After his second exhibition (1955), Bravo continued to work in Santiago where he was intensely active in other artistic pursuits. He wrote poetry, danced professionally for a time with the Compañía de Ballet de Chile and worked for the Teatro de Ensayo of the Catholic University. He soon realized, however, that these activities were leaving him little or no time for his painting. Seeking a different environment in which to work, he left the capital and went to Concepción, a city on the Pacific coast, several hundred miles south of Santiago.
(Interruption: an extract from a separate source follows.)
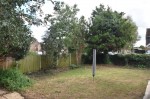 Images for Glebe Gardens, Lenham, Kent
There he met the poet Luis Oyarzún, (also professor of the philosophy of art at two universities in Chile) who was to have a great impact on the further development of his intellectual life and interests.

Portrait of Gabriela Schiavi, 1959 [Detail]. One of the several drawings that gave him fame as artist.
Oyarzún, who was much older than Bravo, had gathered around himself a group of disciples. Bravo describes him as something of a Bohemian and a guru. "There was a group of five of us. We were like his poetic students. He would take us into the countryside, teaching us the names of plants, speaking to us about rocks, birds, animals... all facets of natural life. He was also a philosopher of art. With him we travelled everywhere in Chile. We had no money and travelled by hitch-hiking."
"I LEARNED A CERTAIN FORMULA FOR DOING PORTRAITS THAT ALLOWED ME TO DO THEM VERY QUICKLY"
A painting inspired by italian artist Giuseppe Arcimboldo. The Four Seasons, 1964 (detail).
TIME TO LEAVE FROM CHILE
In Concepción, where he lived for four years, he began to do his first portraits. Portraiture was to remain his principal occupation for many years both in South America and later, in Europe. "I learned a certain formula for doing portraits that allowed me to do them very quickly. I'd paint two or three per week, with a facility that I have long ago lost. I did them in pastel, oil and other media. But I began to get really bored. And so many people were telling me that I had to leave Chile, to broaden my horizons and see new things." These portraits also provided Bravo his first introduction into Chilean high society and his first economic security. In the early portraits as well as those he did later in Spain, Bravo rarely relied on traditional standing or seated poses for his models. He liked to place his figures in less conventional activities. At times he would paint them out of doors, on a beach or in a garden playing with their children. Along with these portrait commissions came the ability to be able to realize ambitions such as buying a small plane and travelling throughout Chile in it with his friends. “I really lived a frivolous life at that time”, Bravo says.